A collection of lost souls find themselves trapped between this world and the next in Sim Deok-geun’s eerie haunted house horror, Guimoon: The Lightless Door (귀문, Guimoon). On a literal quest to exorcise his demons, the hero traverses an impossible and elliptical passage attempting to atone for his sins while freeing others from a similar burden yet finally finds himself becoming his quarry as kind of jailor or perhaps guardian spirit making sure that doors which should never be opened remain forever closed not least to the morbidly curious. 

Do-jin’s (Kim Kang-woo) troubles begin when he casts off his destiny as a shaman leaving his ageing mother to battle a powerful spirit said to belong to a mass killer who suddenly snapped one day and murdered all the guests at small community centre. When the building is torn down, workers discover a body bricked up in the walls which seems almost untouched. Do-jin’s mother is brought in to exorcise the evil spirits but is finally overpowered, a dark presence causing her to stab herself in the neck. Overcome with guilt and apparently “harassed” by his mother’s ghost, Do-jin resolves to atone by releasing each of the spirits killed by the murderous custodian and solving the mystery of the body in the walls in the hope of releasing his mother’s soul so that she can move on to the afterlife and stop nagging him from beyond the grave. 

The “Guimoon” is a kind of portal open on the turn of the year by the lunar calendar. Dojin intends to venture through it assuming it will be easy enough to nix a few ghosts and then come home but soon finds himself lost in a world of uncertain time and forever looping corridors. He meant to travel to the afterlife of 1990, but his world is soon disrupted by the arrival of three university students from 1996 who really shouldn’t be here. Armed with a video camera, they are dead set on crafting their own found footage horror in the hope of winning a competition so one of them won’t have to drop out of school. For the students, this world is “real”. They entered it voluntarily and as far as they are concerned are wandering round a derelict building, not really believing it to be “cursed” or haunted in any way. But for Do-jin it’s a liminal and unreal space he has entered for a specific purpose and from which he hopes to expel those who should have left long before. 

Yet even in trying to solve the mystery, Do-jin concentrates his efforts on Seok-ho (Jang Jae-ho), the shovel-wielding custodian, taking a kind of register of the other guests while knowing little about them. He soon discovers that Seok-ho may not quite be the boogeyman he first thought him to be, realising that his sudden descent into homicidal mania may not have been of his own volition.
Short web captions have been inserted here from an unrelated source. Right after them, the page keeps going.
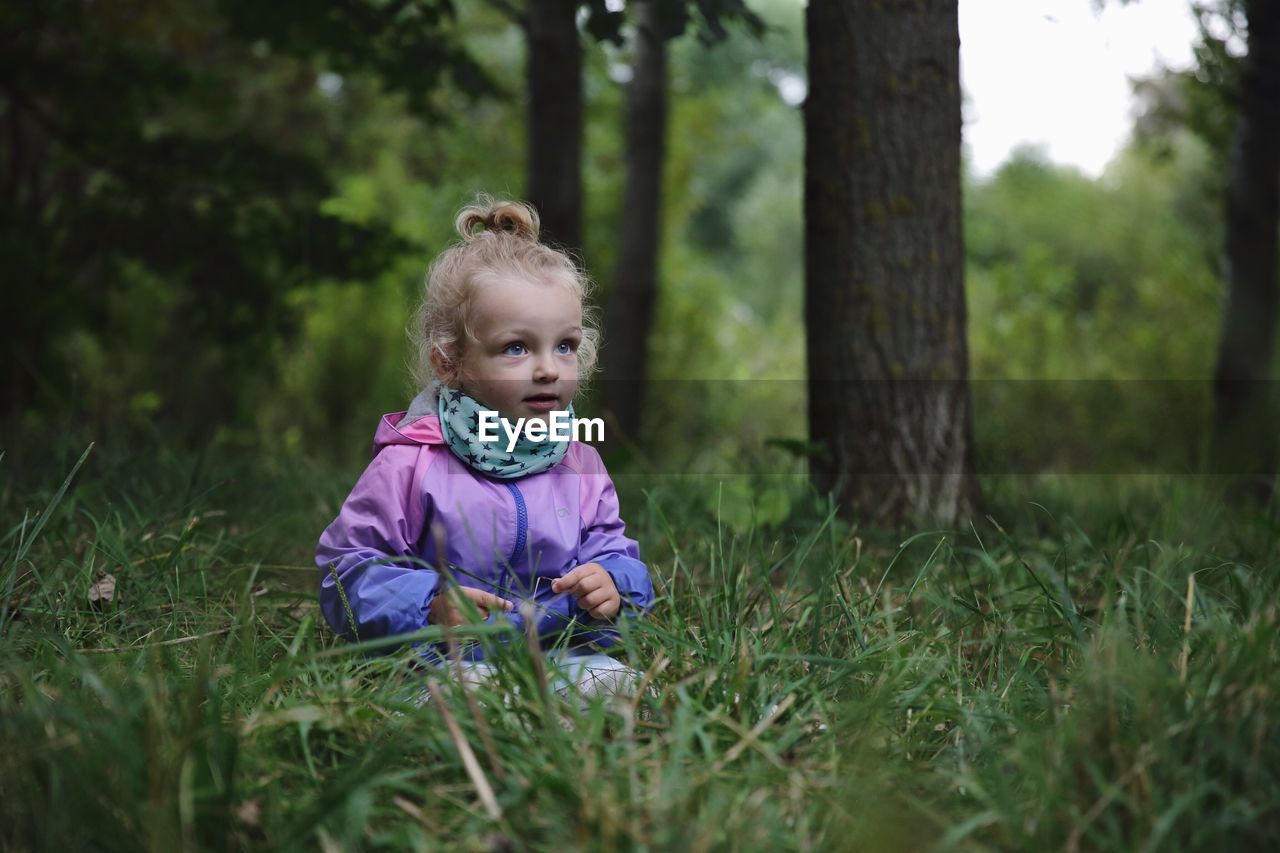 Portrait of girl sitting on field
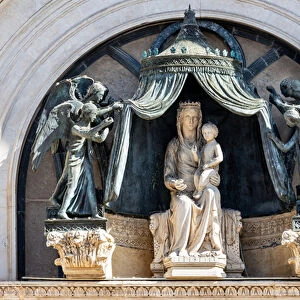 The facade, the central lunette: copy of the Madonna with Child and six angels holding a curtain (marble, bronze, polychrome, gold and glass paste)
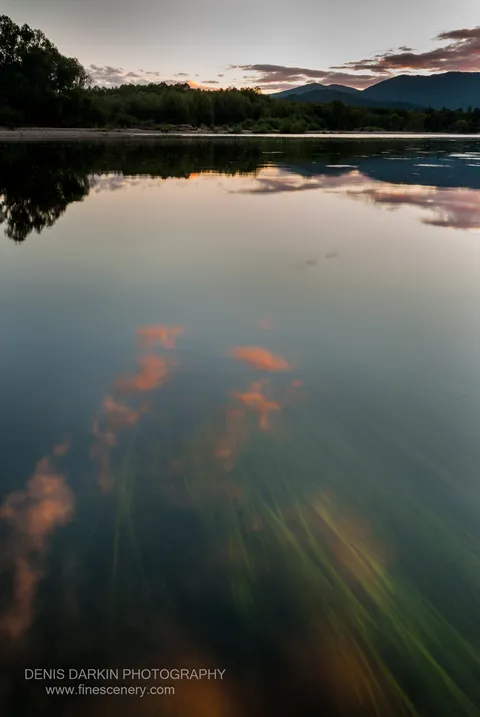 The Bikin River at dusk mirrors scattered orange clouds and mountain silhouettes in its glassy surface, submerged vegetation visible in the clear shallows below.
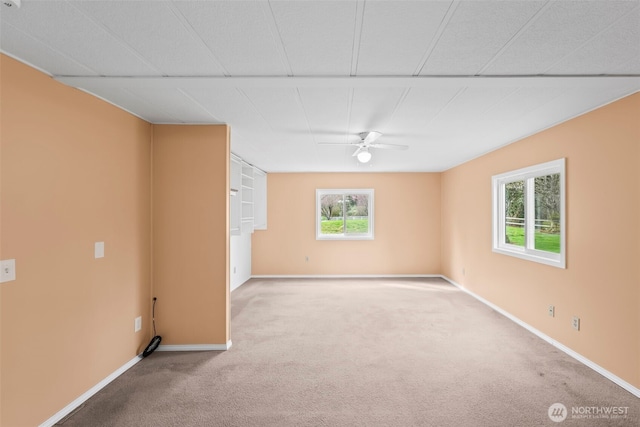 24709 148th Ave E, Graham, WA 98338 - spare room featuring carpet flooring, a ceiling fan, and baseboards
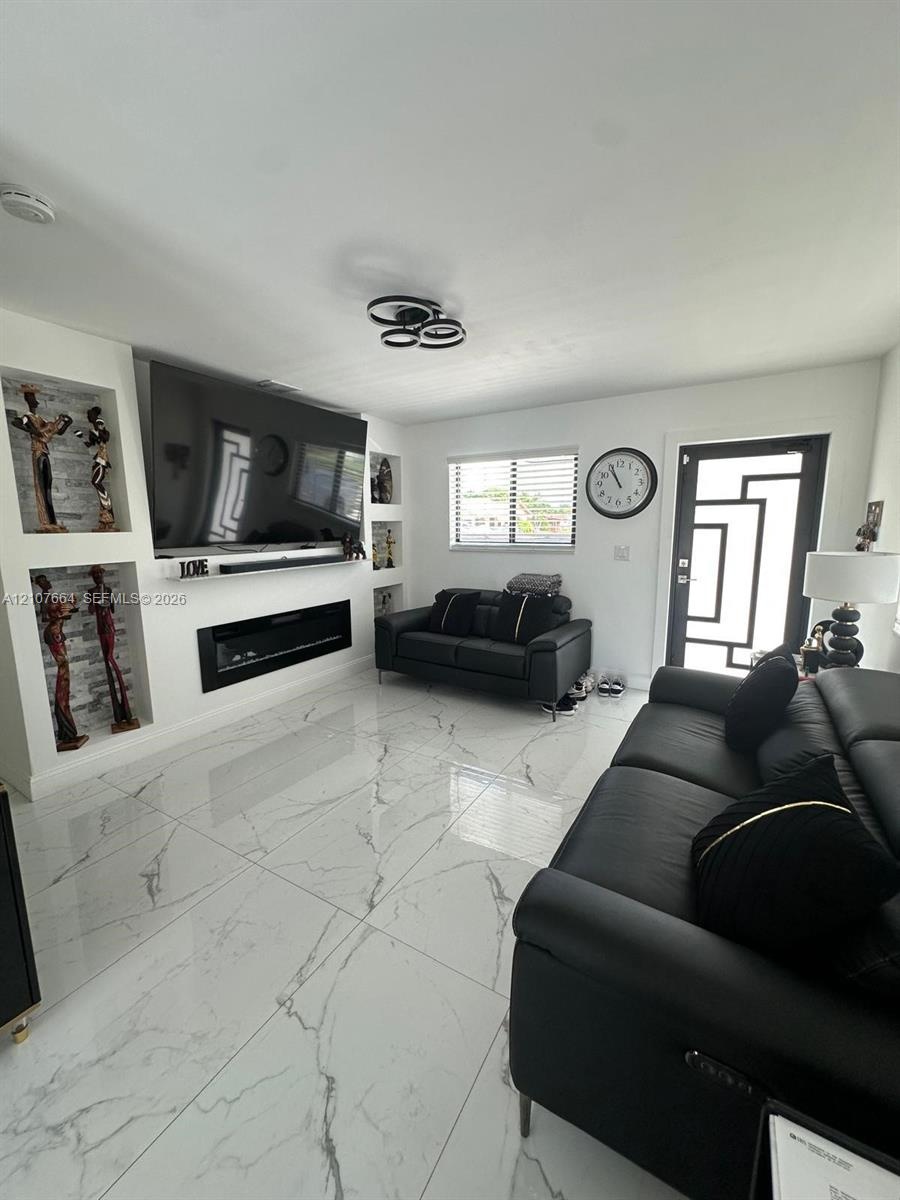 Large-format porcelain tile flooring, built-in wall niches, linear electric fireplace, modern flush-mount multi-ring ceiling lighting, and geometric-p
The solution he edges towards hints at the ironically named community centre as a nexus of trauma, a nightmare world created by an entity trying to escape its suffering and finding empowerment in taking control of its oppressors. 

“I was always here” one of the lonely souls proclaims, while Do-jin and the students find themselves locked in, prevented from leaving by a literal absence of exits. While the students eventually turn against each other, seeking escape by submitting themselves the malicious evil of the entity haunting the centre, Do-jin does his best to complete his quest of vanquishing the ghosts with his shaman’s dagger but is eventually brought to a cruel realisation in a maddening series of loops and repetitions which only lead towards a door which should never be opened. In some ways frustratingly oblique, Sim Deok-geun’s eerie meta horror is an exercise in found footage psychology in which the lost wander lonely corridors while searching for an elusive truth they may already know but have perhaps forgotten. On a night between two worlds lit by a blood red moon, Do-jin ventures into a labyrinth to save his mother’s soul but comes to realise that if you walk through the door between life and death you may discover that there is no exit from existential torment.


Guimoon: The Lightless Door screened as part of this year’s London Korean Film Festival.